Laura Ingalls Wilder and Rose Wilder Lane

 Why do we love the Little House books so much?  For Americans, they reinforce and particularize the heroic myths of westward expansion by hard-working, self-sufficient pioneers.  Those of us who grew up on the Great Plains feel a deeper connection: we think of the books as the story of our own ancestors.

Caroline Fraser pays homage to this longing for connection by starting her excellent Prairie Fires: The American Dreams of Laura Ingalls Wilder, with her own tenuous connection to the Wilders: her ancestors lived in the same corner of Wisconsin as the Ingalls.

Fraser then launches into a well-researched, wonderfully written story of the Ingalls.  In it, she carefully points out the differences between actual events and the books – Wilder had a habit of glossing over the difficult parts.  For example, leaving Burr Oak, Iowa, which the Ingalls fled without paying their debts, completely out of the books.  The difficulties that remained in the books are the sort that pioneers could heroically overcome or endure: locusts, or a severe winter.

The Little House books end with Laura’s marriage to Almanzo Wilder, but happiness and prosperity eluded her. As noted in the posthumously published The First Four Years, Almanzo’s attempt to make a go of it as a homesteader failed.  Then he suffered a stroke that partially disabled him and left him unable to do heavy work for the rest of his life.  In 1894, when Laura was 27, they left South Dakota and moved to land near Mansfield, in southwest Missouri, where she lived out her life. 
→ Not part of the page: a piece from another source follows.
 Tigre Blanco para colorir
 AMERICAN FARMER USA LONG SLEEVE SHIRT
Fraser did a huge amount of research, going beyond the published materials to the extensive trove of letters and diaries left behind by Laura and her daughter, Rose Wilder Lane, and on the newspaper columns Laura wrote for local papers, starting about 1910.  For example, Fraser uses letters and the various hand-written and typed manuscripts of the Little House books to show that Laura wrote them and Rose brilliantly edited them.

This book is also the story of Wilder’s daughter, and the fraught relationship between them.  The real revelation of these books is what an amoral piece of work Rose was. “The Lane who emerged during this period [1910’s, working for newspapers in San Francisco] had no conscience, was heedless of others’ feelings, and possessed little regard for professional courtesy….  She appeared to have no qualms or moral compass, no sense of what was fair or appropriate.”  It is fair to say she didn’t improve with age. In places, the book reads like a slow-motion train wreck; just when you think it can’t get worse, it does.  Indeed, it was Lane’s reputation for fabrication that would cause many to doubt the truthfulness of the Little House books.
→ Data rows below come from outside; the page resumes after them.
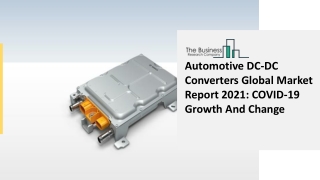 2021 Automotive DC-DC Converters Market Share, Restraints, Segments And Regions
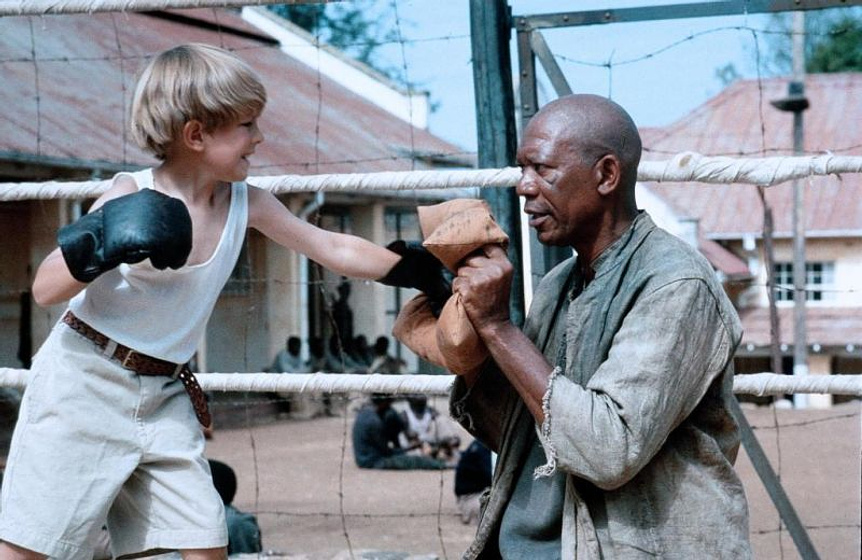 Morgan Freeman y Guy Witcher en La Fuerza de Uno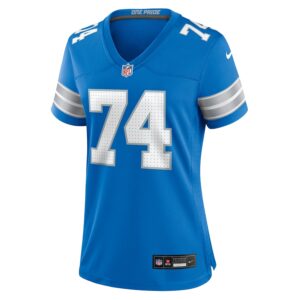 Kayode Awosika Detroit Lions Nike Women's Team Game Jersey -  Blue photo 2 Jersey4u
It leaves the reader tempted to perform amateur psychoanalysis.  Just what sort of home environment could have produced Rose?  We know Laura had a temper and shouted a fair amount at Almanzo (and presumably Rose).  Do we hold it against Laura that she produced Rose?  Or do we just blame it on undiagnosed bipolar disorder?
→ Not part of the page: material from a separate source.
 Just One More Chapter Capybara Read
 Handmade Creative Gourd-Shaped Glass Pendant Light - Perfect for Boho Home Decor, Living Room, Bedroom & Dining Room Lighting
Fraser also explores their libertarian politics.  Lane’s philosophical writings in the 1940s, along with those of Ayn Rand and Isabel Mary Paterson, “laid the foundation for the libertarian political movement in the United States.” There is no evidence that Laura disagreed with her.  Fraser speculates that their libertarianism might have been due to shame at having had to accept charity, or unwillingness to acknowledge they had benefited from the largest government giveaway in US history, the Homestead Act.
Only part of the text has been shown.